At least eight programs have been temporarily cancelled or relocated due to the draining of the pool, including the YMCA’s 115-member competitive swim team, a synchronized swimming team and a group of seniors who use the pool for water aerobics. Additionally, the pool is used regularly by some of the 10,000 members of the New Tampa YMCA branch. Many of the members utilize the pool on a daily basis, since it is open year-round from 6 a.m. to 8 p.m.

Palumbo says there is a silver lining from the incident — the way the New Tampa community has pulled together to make sure everyone is able to participate in the YMCA’s programs in spite of the vandalism.

“Compton Park and Tampa Palms Country Club have really stepped up,” says Palumbo. “They have allowed our swimming teams and other programs to use their facilities.”

When asked why someone would want to drain the pool, YMCA officials are dismissing it as a prank aimed to spoil some fun during the holidays.

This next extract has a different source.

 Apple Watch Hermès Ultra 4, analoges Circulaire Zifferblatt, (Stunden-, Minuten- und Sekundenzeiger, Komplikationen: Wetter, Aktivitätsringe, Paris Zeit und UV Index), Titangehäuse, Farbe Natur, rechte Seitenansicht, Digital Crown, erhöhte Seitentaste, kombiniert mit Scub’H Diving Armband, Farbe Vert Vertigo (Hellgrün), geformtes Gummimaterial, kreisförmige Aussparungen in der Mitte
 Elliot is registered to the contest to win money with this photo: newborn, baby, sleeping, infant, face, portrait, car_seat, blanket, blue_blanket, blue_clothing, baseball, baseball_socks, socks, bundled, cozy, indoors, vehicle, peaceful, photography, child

“I’ve been telling everyone that it was someone with a Grinch-spirit for the holidays,” says Bray.

Filling the pool has been a hassle in itself. Workers attempted to refill it the day it was discovered drained; however, there were air bubbles that had gotten into the system and it had to be drained again. YMCA officials must steadily pump water into it from a makeshift PVC hose attached to a fire hydrant which will pour water in to it 24 hours a day until the pool is filled.

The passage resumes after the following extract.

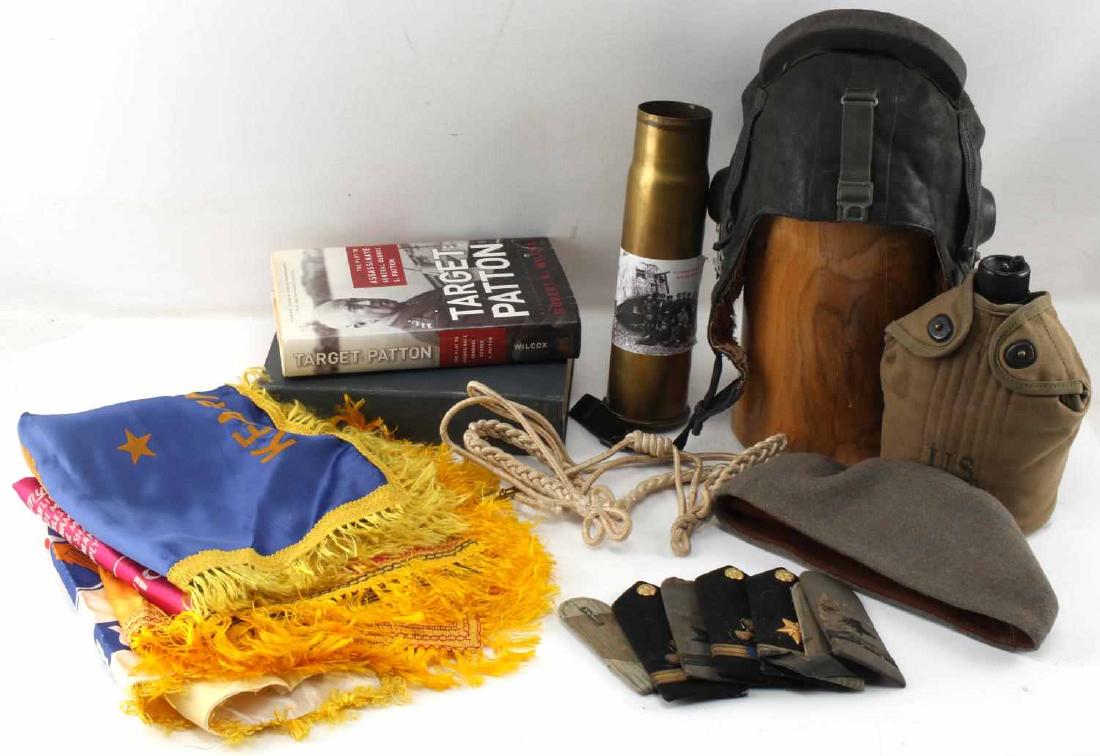 US MILITARY MIXED LOT BOOKS SHELL SHOULDER BOARDS: Lot includes: 4 sweetheart pillow covers, shell from 5.7cm German tank gun, canteen wool cap, shoulder boards, cap insignia, Target: Patton by Robert K. Wilcox, Bismarck by Emil Ludwig and a flyer's c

This unexpected draining marks the third time the pool has been emptied in its 100-year history. It was drained twice before for repairs and maintenance. When the drain valves are opened, the chlorinated water gushes into a retention pond, which was built specifically to hold water when the pool needs to be drained.

Taking in to account the cost of filling the pool, the time of the staff and damage to the pumps, spokespersons for the YMCA are estimating the damages to be somewhere around $3,000, including what they will anticipate to be a high water bill.

“We’ll know how much it (actually) cost after we check the water meter,” said YMCA executive director Tom Goode.

According to TPD, the suspect could be charged with criminal mischief causing more than $1,000 in damage, which is a felony.